The selection between Amazon Nova Multimodal Embeddings and Bedrock Knowledge Automation offers you flexibility to optimize to your particular content material. The Nova unified vector area allows cross-modal retrieval for visual-driven use instances, whereas the Bedrock Knowledge Automation text-first strategy delivers exact transcription-based retrieval for speech-heavy content material. Each approaches combine seamlessly into the identical absolutely managed workflow, assuaging the necessity for customized preprocessing pipelines.
Availability
Area availability relies on the options chosen for multimodal help, please discuss with the documentation for particulars.
Subsequent steps
Get began with multimodal retrieval in the present day:
- Discover the documentation: Evaluation the Amazon Bedrock Information Bases documentation and Amazon Nova Person Information for added technical particulars.

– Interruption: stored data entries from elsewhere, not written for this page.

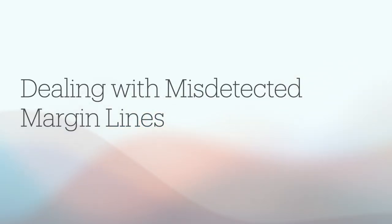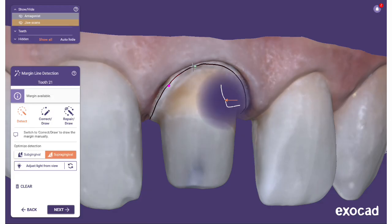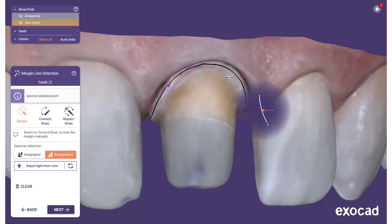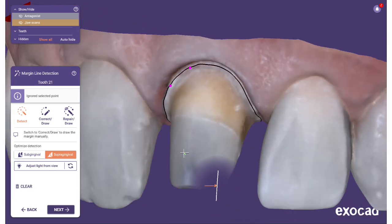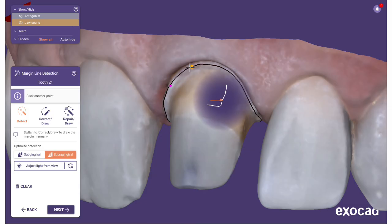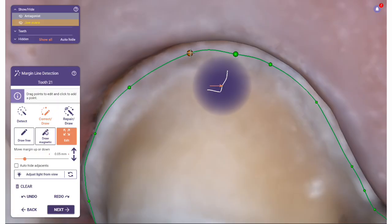Dealing with misdetected margin lines: in some cases, especially when working with non-optimal preparations, the margin line may not be detected correctly. You can help the algorithms by clicking one or more additional points on the margin line. After each point is set, the automatic detection will take advantage of your additional points. Typically, adding a single point will be enough. In difficult cases, two to four points may be required.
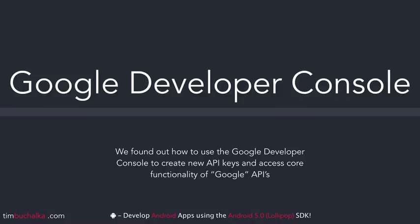We also found out more about the Google Developer Console and how to get access to new API keys and access core functionality of Google specific APIs, which of course YouTube was one of them.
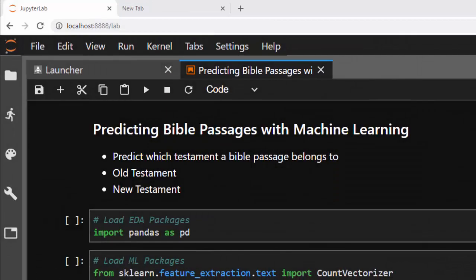Hello everyone, welcome back. My name is Jesse and in this tutorial we're going to see how to use machine learning to predict whether a particular Bible passage belongs to the Old Testament or the New Testament. That's what we're trying to do in this particular tutorial.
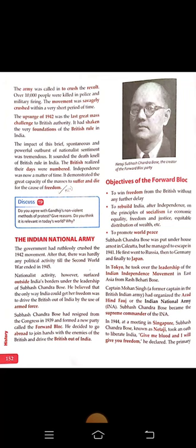Subhash Chandra Bose was put under house arrest in Calcutta, but he managed to escape in 1941. He first went to Russia, then to Germany, and finally to Japan. In Tokyo, he took over the leadership of the Indian independence movement in East Asia from Raj Bihari Bose. Captain Mohan Singh, the former captain of the British Indian Army, had organized the Azad Hind Force, or the Indian National Army. Subhash Chandra Bose became the supreme commander of the Indian National Army.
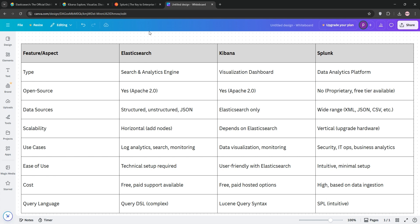That's the quick rundown. Check the comparison chart below to see the key differences. Pick Elasticsearch and Kibana for open-source power, or Splunk for enterprise ease. Thanks for watching, and I'll see you in the next video.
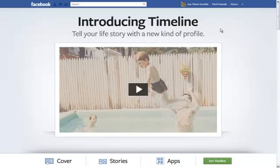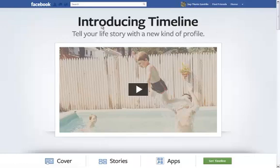Those are all going to be converted once Facebook converts everybody at the same time. But for right now, this is how you're going to do it. First, you're going to go to Facebook.com/Timeline. Once you're there, you're going to want to make sure you're logged into Facebook. So go ahead and log in.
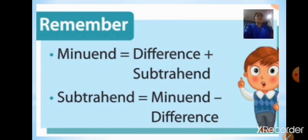To find the missing digits: to find the minuend, you add the subtrahend to the difference — difference plus subtrahend gives you the minuend. To find the subtrahend, you subtract the difference from the minuend — minuend minus difference gives you the subtrahend.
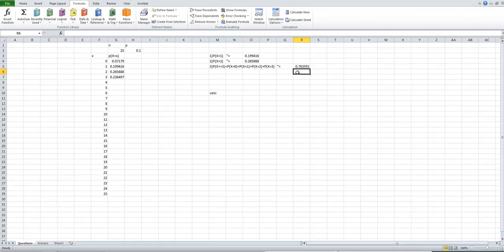The result is 0.763591, which is the probability for X less than or equal to 3.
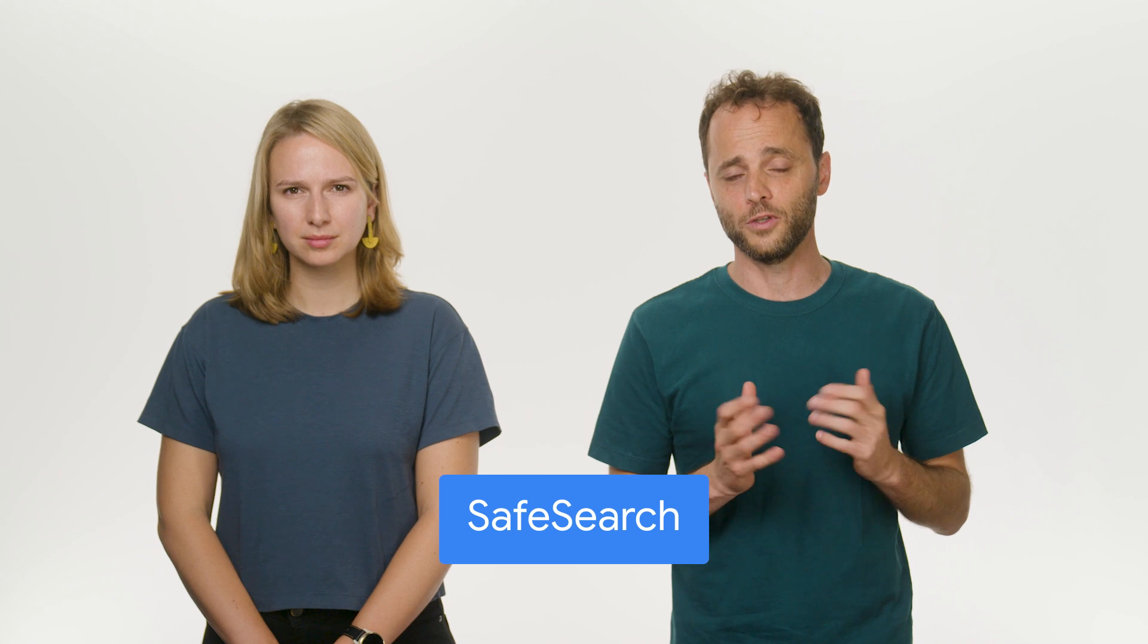The internet has become an essential part of our lives, offering a wealth of information and resources. However, not all online content is suitable for everyone, especially for children. To address this concern, Google offers Safe Search.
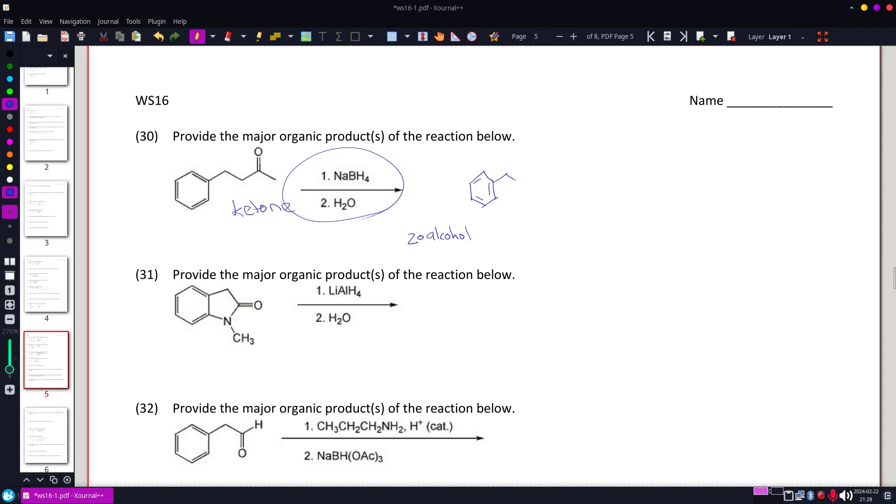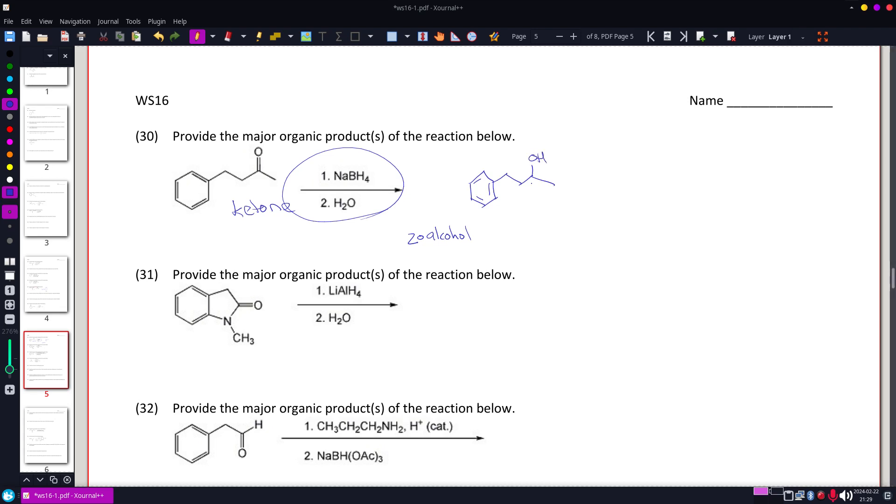All the positions other than that carbonyl will be the same, but where that carbonyl is, we're going to have an OH.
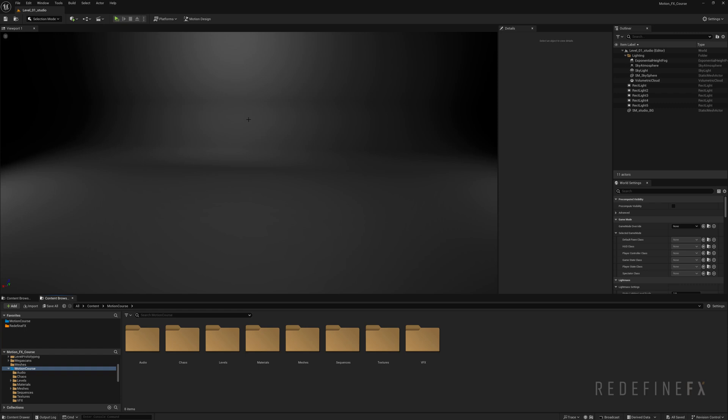All right, how's it going everybody? Jesse Pitella here with RedefineFX and this video will be an introduction to Niagara for Tyflow users.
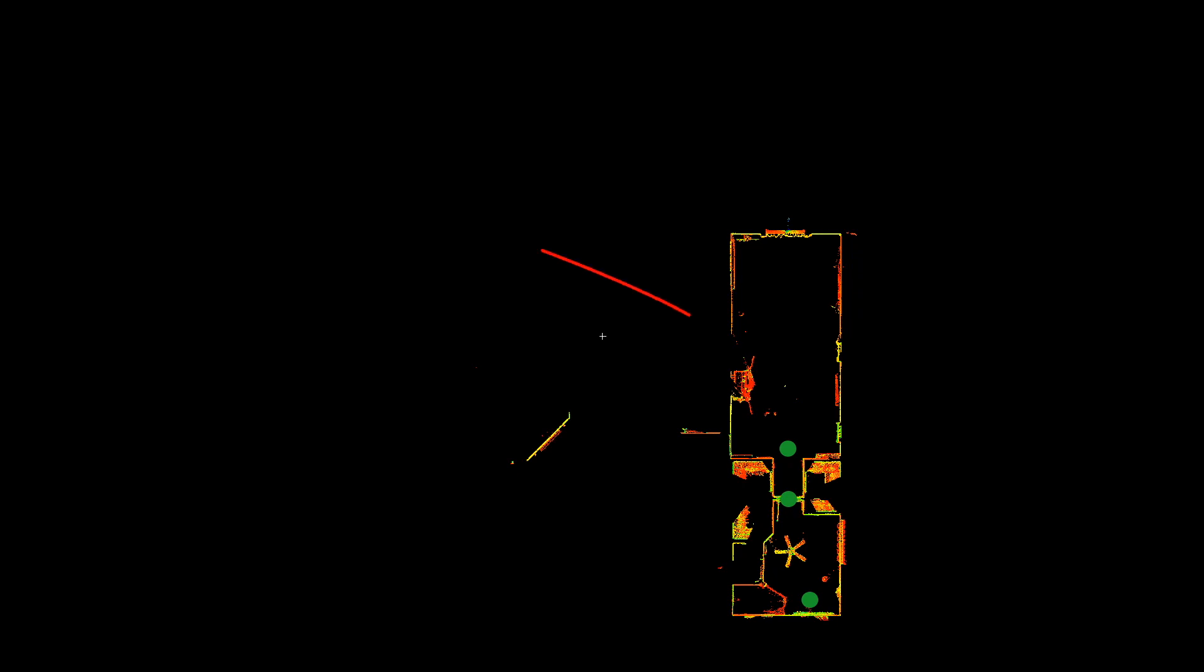If you notice, there is a bit of a shadow in this room here. So before moving out of the room, we will do one extra scan to fill in those gaps.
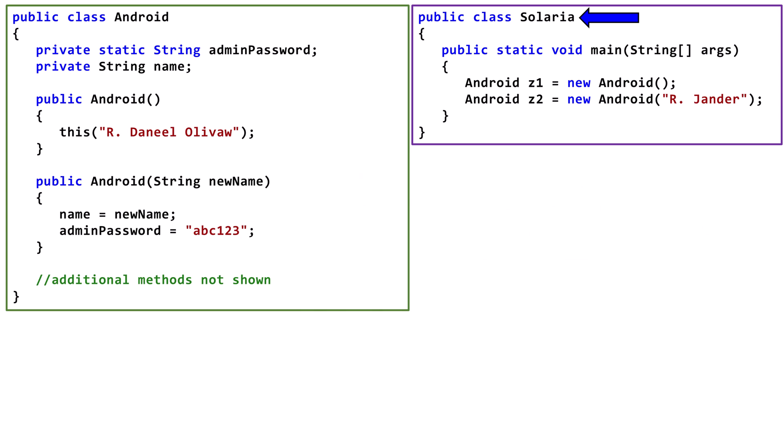Now, let's look at the Solaria class. On the first line of the main method, we declare an Android variable, z1, and initialize it with a new Android object. There are no arguments passed, so Java uses the constructor with no parameters.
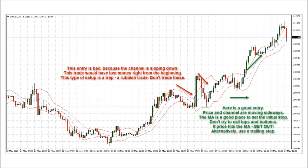If you look at the first entry, the long candle, it is bad because the channel is sloping down. The trade would have lost money right from the beginning. This setup is a trap — it is a rubbish trade. Don't trade those. If you look at the trade on the right with the green arrows, that is a good entry. The price and the channels are moving sideways. The moving average is a good place to set the initial stop. Don't try to call tops and bottoms. If the price hits the moving average, get out — or alternatively, use a trailing stop.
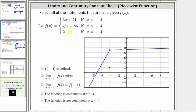Remember, we can always graph a function by completing a table of values if needed. Going through the statements again: f of negative four is defined is true, because at x equals negative four we have a closed point where the function value or y-coordinate is positive two. The limit as x approaches negative four exists is true, because as we approach from the left we approach the function value of nine, and as we approach from the right we also approach the function value of positive nine.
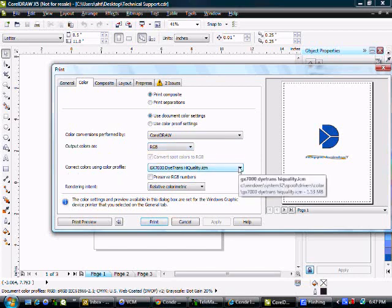This is going to be set to the profile based off of the printer that you're using. In this case, we have the GX7000 selected so it says GX7000 Diatrans High Quality. Rendering Intent will be set to Relative Color Metric.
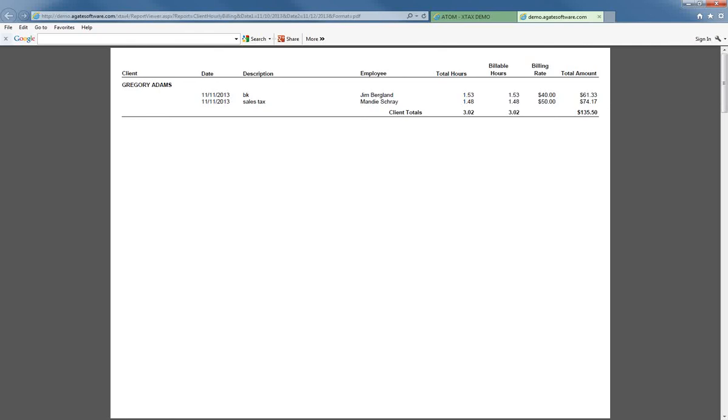After you run this report for invoicing, you would go back to the client's file and in the transaction section, you can log your fee right in the transaction section. And then you would be able to invoice your client for that amount. So that is the Management Client Hourly Billing Punch Clock report.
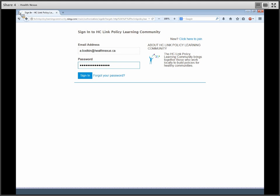Hi, and welcome to this introductory video on HC-Link's new Learning Community platform. In this video, we're going to tour around the online platform and we'll go over a few basic features to help you get the most out of the Learning Community.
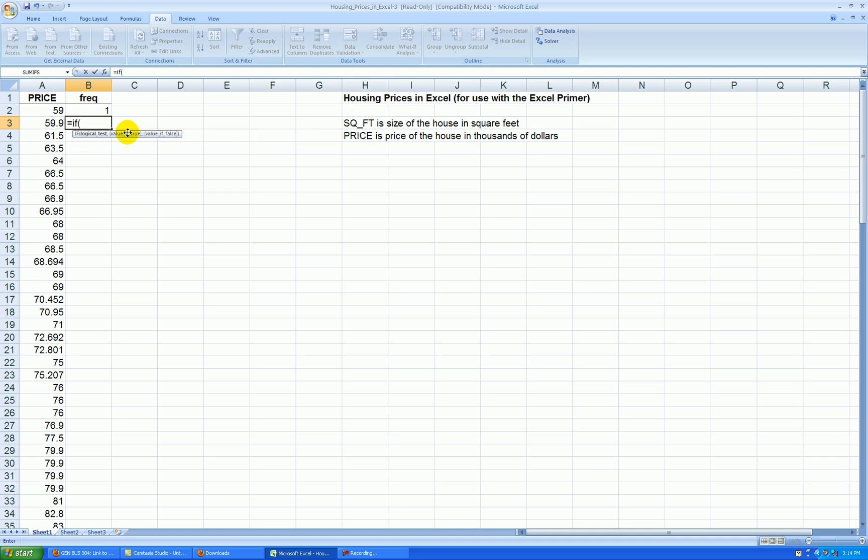I would like to accumulate the frequencies for the other observations by using an if-then formula. This formula says, if A3 is equal to A2, then I should take the initial 1 in cell B2 and add 1 to it. Otherwise, start over at 1.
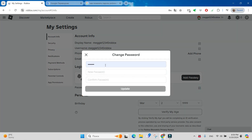Here you see your old password. If it's not written, you have to write it, and then enter your new password, and one more time enter your password, and click update.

- Experiment with code examples: Take a look at the Amazon Bedrock samples repository for hands-on notebooks demonstrating multimodal retrieval.
- Be taught extra about Nova: Learn the Amazon Nova Multimodal Embeddings announcement for deeper technical insights.
Concerning the authors
Dani Mitchell is a Generative AI Specialist Options Architect at Amazon Internet Companies (AWS). He’s centered on serving to speed up enterprises internationally on their generative AI journeys with Amazon Bedrock and Bedrock AgentCore.
Pallavi Nargund is a Principal Options Architect at AWS. She is a generative AI lead for US Greenfield and leads the AWS for Authorized Tech group. She is enthusiastic about girls in expertise and is a core member of Girls in AI/ML at Amazon. She speaks at inner and exterior conferences resembling AWS re:Invent, AWS Summits, and webinars. Pallavi holds a Bachelor’s of Engineering from the College of Pune, India. She lives in Edison, New Jersey, along with her husband, two women, and her two pups.
Jean-Pierre Dodel is a Principal Product Supervisor for Amazon Bedrock, Amazon Kendra, and Amazon Fast Index. He brings 15 years of Enterprise Search and AI/ML expertise to the group, with prior work at Autonomy, HP, and search startups earlier than becoming a member of Amazon 8 years in the past. JP is at present specializing in improvements for multimodal RAG, agentic retrieval, and structured RAG.